Portney has been ranking U.S. cities’ environmental friendliness for nearly a decade. His latest report, 2012 Greenest Cities in America, was published this summer in the Canadian magazine Corporate Knights. Cities—not international organizations, nations or states—are best positioned to lead the sustainability movement in the United States and worldwide, he says.
The rankings are based on how many environmental policies and programs a city has adopted or implemented out of Portney’s list of 38. In categories that include green development, land-use planning, transportation, pollution prevention and energy and resource conservation, it is the adoption of the initiatives that counts, rather than measurable outcomes, which might come years later, he says.

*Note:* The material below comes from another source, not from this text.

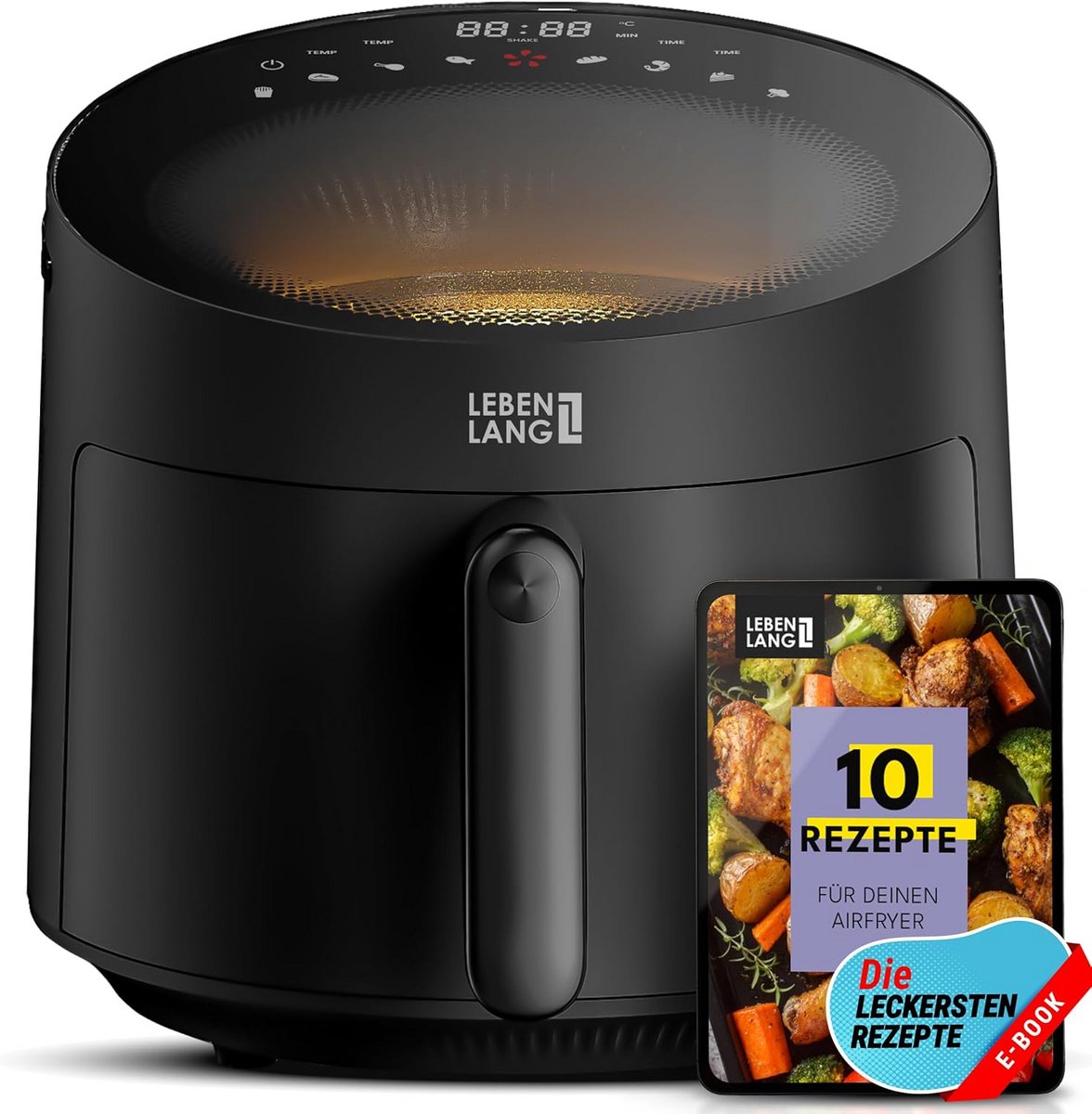 Heteluchtfriteuse 5 Liter met 8 Programma's en Receptenboek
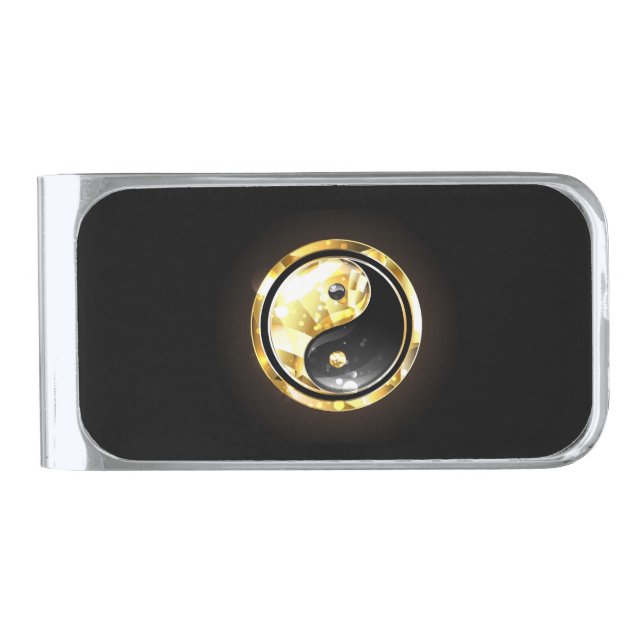 Gold Yin Yang on black Silver Finish Money Clip (Front)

In his latest report, Portney ranks the 54 largest U.S. cities (plus Pittsburgh, because in 2009 it hired a city sustainability coordinator and is in the process of implementing the Pittsburgh Climate Action Plan). Tied for first place are Portland, Ore., San Francisco and Seattle, each with 35 out of the 38 programs in place. Last are Pittsburgh, Santa Ana, Calif., and Wichita, Kan. Boston and Washington, D.C., fall in the middle of the pack.
Being green increases a city’s tourism, attracts jobs and can save money, in addition to improving residents’ health and quality of life, says Portney, a professor in the School of Arts and Sciences. “It translates into a lot more than bragging rights.”
Fort Worth, Texas, certainly thought so. It moved from number 33 in 2011 to number 17 this year by implementing five new sustainability programs. A multi-agency sustainability task force is making city operations greener and more cost effective. In addition, the city has programs for green building and energy, alternative-fueled city vehicles, bicycle ridership, rainwater harvesting and wastewater reuse.
Portney has been tracking urban green movements since 2003, with the publication of his book Taking Sustainable Cities Seriously: Economic Development, the Environment and Quality of Life in American Cities, which examines 25 U.S. cities with green initiatives. The second edition of the MIT Press book will be published in January.
Urban Ground Zero
Even so, some cities are more successful at implementing green agendas than others. It is not a city’s size or wealth that determines success, but whether residents are active advocates and their city leaders listen to them, Portney says.
“Cities that have made a commitment to trying to become more sustainable … do seem to have populations that have a greater propensity to sign petitions, participate in demonstrations, belong to local reform groups and be active in neighborhood associations,” writes Portney and co-author Jeffrey Berry, also a professor of political science at Tufts, in a 2010 article in Urban Affairs Review. “In the last analysis, sustainable cities are participatory cities.”
For example, Seattle is ranked first among America’s green cities for a good reason, Portney says. In 1990, residents founded Sustainable Seattle, a nonprofit fueled by volunteers concerned with sustainability and its relationship to economic prosperity and social equality. The pressure of public opinion pushed city leaders to make the environment a priority.
“Without the efforts of Sustainable Seattle, it is entirely possible that sustainability would have played no more than a minor role in the city’s planning,” Portney writes on his website Our Green Cities, which includes the complete 2012 green-city rankings.
While it’s doubtful that Congress will enact a national environmental policy anytime soon, “cities have been making great strides for years,” Portney says. “This can motivate and set model programs for others to follow.”